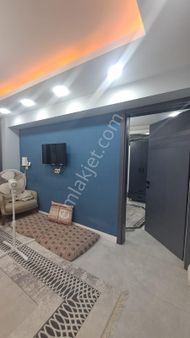 Denizli Pamukkale 15 Mayıs Mahallesinde 1+1 Eşyalı Satılık Bahçekat Apart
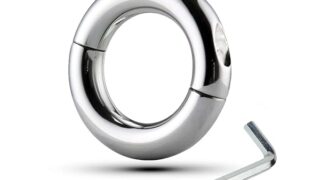 ペニスリング コックリング男性用 ペニすリング cock ring ボンテージ 拘束リング 重量ベアリングト ボー…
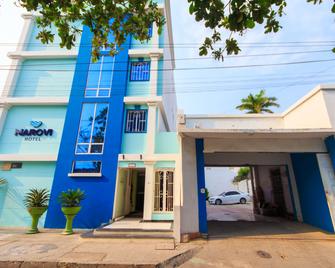 Hotel Marovi - Santa Marta - Building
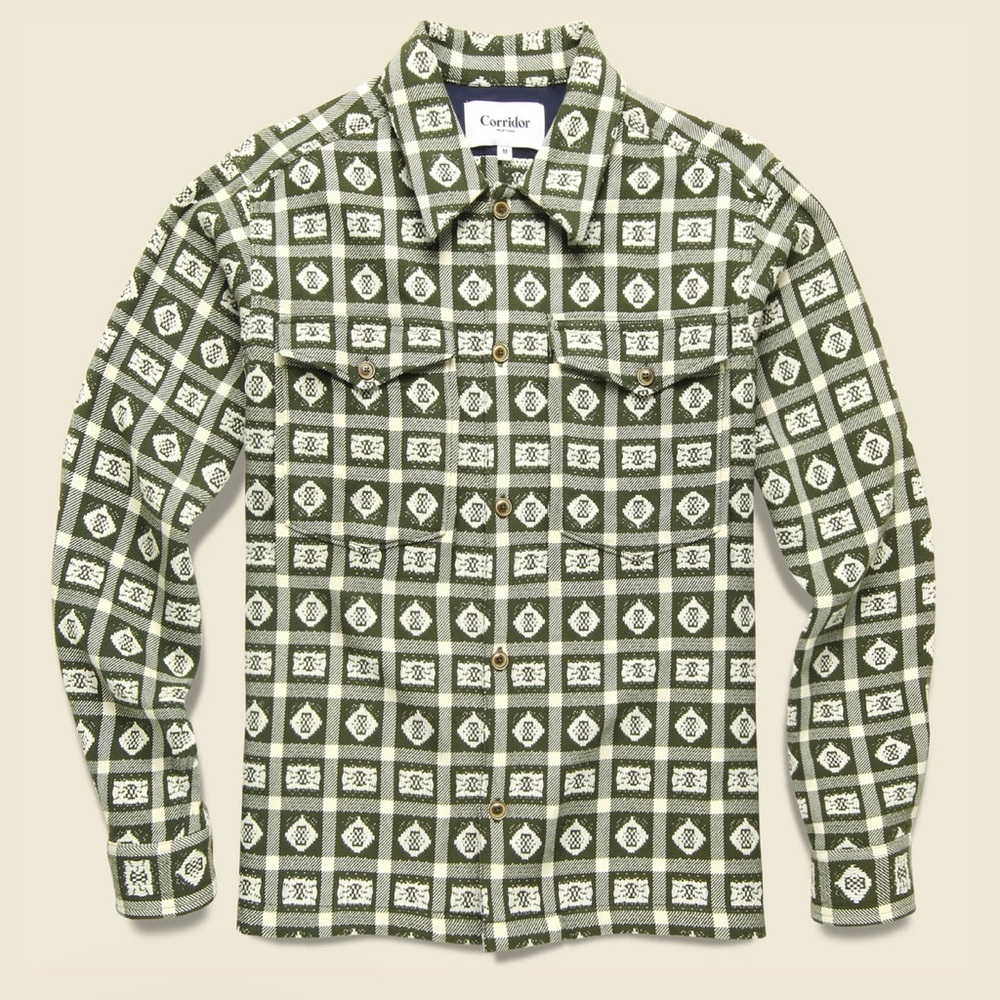 CORRIDOR NYC Chore coat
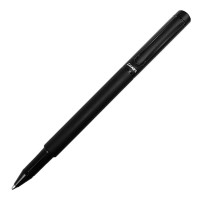 Ручка-роллер подарочная Luxor ENTLE в футляре, линия 0,7мм, синяя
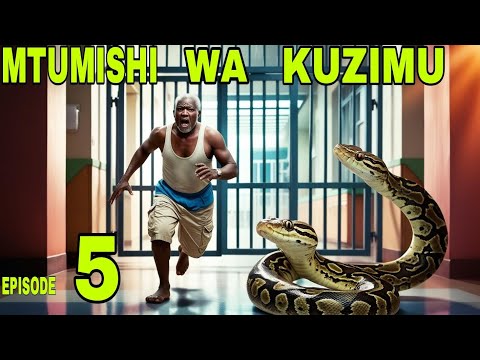 MTUMISHI WA KUZIMU EPISODE 5 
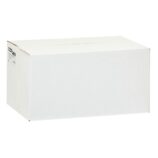 Ręczniki papierowe w roli z adaptorem MERIDA TOP AUTOMATIC MINI, białe, jednowarstwowe, długość 140 m, karton 6 rolek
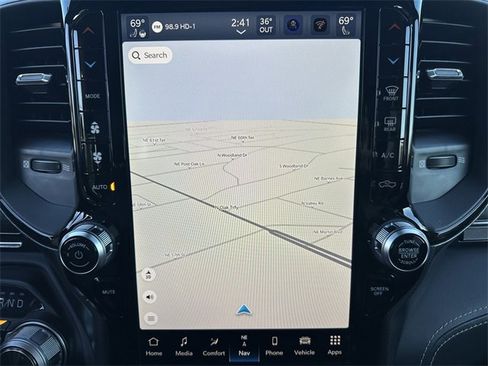 Used 2022 RAM 1500 Limited image 22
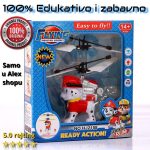 NOVO – Leteće Patrolne šape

__________________________________________________

● Required work
Repeat, with no pictures, every line from the top of the entries above through the line that has "Ручка-роллер подарочная Luxor", keeping each one exact.

● Your solution
 Denizli Pamukkale 15 Mayıs Mahallesinde 1+1 Eşyalı Satılık Bahçekat Apart
 ペニスリング コックリング男性用 ペニすリング cock ring ボンテージ 拘束リング 重量ベアリングト ボー…
 Hotel Marovi - Santa Marta - Building
 CORRIDOR NYC Chore coat
 Ручка-роллер подарочная Luxor ENTLE в футляре, линия 0,7мм, синяя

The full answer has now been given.